Quarta di copertina
Da tempo pensavo a un libro che, attraverso la trama del menu quotidiano presente nelle case napoletane della nostra infanzia, riuscisse a ricostruire la vita, le abitudini, i desideri, le aspettative di un passato non tanto lontano, ma che le velocissime trasformazioni della realtà da tempo facevano apparire sempre più remoto.
Alla fine la spinta è arrivata dalla catastrofica vicenda del covid, che in poco tempo ha spazzato via gran parte di tutto ciò che, sedimentato in secoli di vita e di socialità, formava il nostro mondo, capovolgendo brutalmente valori e ideali per imporre un nuovo ordine senza riferimenti conosciuti.
È stato così che ho capito fino in fondo come la stabilità del menù familiare sarebbe potuta diventare il centro di un discorso comprensivo di tutto un universo di valori.
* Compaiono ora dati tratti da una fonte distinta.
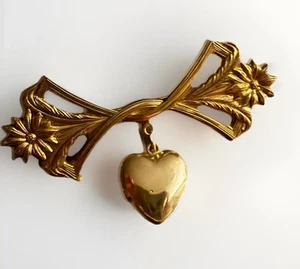 DE COLECCIÓN 1980 LILLIAN VERNON TONO DORADO ART DECO BARRA DE SAN VALENTÍN PIN COLGANTE CORAZÓN MEDALLÓN - Imagen 1 de 2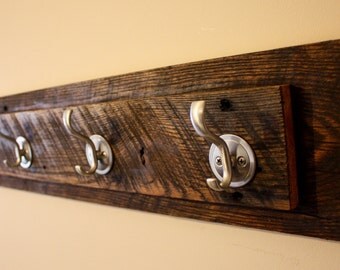 Wall coat rack, Coat Rack, towel rack, 4 hook, entryway organizer, reclaimed wood coat rack, reclaimed wood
Infatti il cibarsi insieme si legava strettamente ad una serie di elementi fondamentali per la salute del corpo e dello spirito: prima di tutto, era igiene dell’alimentazione, che prevedeva cibi genuini e variati; in secondo luogo, era educazione, intesa sia come misura nel mangiare che come galateo nel comportarsi e, infine, tutto questo aveva come base una moralità confinante col sentimento religioso perché, se vogliamo risalire alle origini, l’intemperanza era vizio non da poco e la gola addirittura un peccato capitale.
Alla ricognizione gastronomica si affianca quella narrativa, che riguarda la storia di una famiglia e di un quartiere napoletano, Materdei, durante gli anni Cinquanta-Sessanta.
Il libro è strutturato su due registri: le giornate si svolgono nel passato, le sere e le notti sono brevi camei ambientati in questo distopico presente.